EXERCISE:
In this exercise, the entries below are to be transcribed exactly, line by line.

Segment Start: DATA FOR REVIEW

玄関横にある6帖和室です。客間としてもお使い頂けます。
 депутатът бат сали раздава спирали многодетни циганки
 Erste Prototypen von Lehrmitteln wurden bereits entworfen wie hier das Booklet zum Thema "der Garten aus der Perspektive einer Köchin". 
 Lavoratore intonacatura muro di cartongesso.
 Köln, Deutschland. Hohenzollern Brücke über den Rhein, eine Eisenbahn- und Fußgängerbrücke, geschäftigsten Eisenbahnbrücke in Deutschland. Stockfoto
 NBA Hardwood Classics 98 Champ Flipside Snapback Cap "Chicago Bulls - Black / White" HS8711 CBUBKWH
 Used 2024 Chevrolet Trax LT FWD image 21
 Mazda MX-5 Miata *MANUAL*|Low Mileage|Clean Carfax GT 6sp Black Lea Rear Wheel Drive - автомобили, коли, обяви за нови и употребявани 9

Segment End: DATA FOR REVIEW

OUTPUT OF THE EXERCISE:
玄関横にある6帖和室です。客間としてもお使い頂けます。
 депутатът бат сали раздава спирали многодетни циганки
 Erste Prototypen von Lehrmitteln wurden bereits entworfen wie hier das Booklet zum Thema "der Garten aus der Perspektive einer Köchin". 
 Lavoratore intonacatura muro di cartongesso.
 Köln, Deutschland. Hohenzollern Brücke über den Rhein, eine Eisenbahn- und Fußgängerbrücke, geschäftigsten Eisenbahnbrücke in Deutschland. Stockfoto
 NBA Hardwood Classics 98 Champ Flipside Snapback Cap "Chicago Bulls - Black / White" HS8711 CBUBKWH
 Used 2024 Chevrolet Trax LT FWD image 21
 Mazda MX-5 Miata *MANUAL*|Low Mileage|Clean Carfax GT 6sp Black Lea Rear Wheel Drive - автомобили, коли, обяви за нови и употребявани 9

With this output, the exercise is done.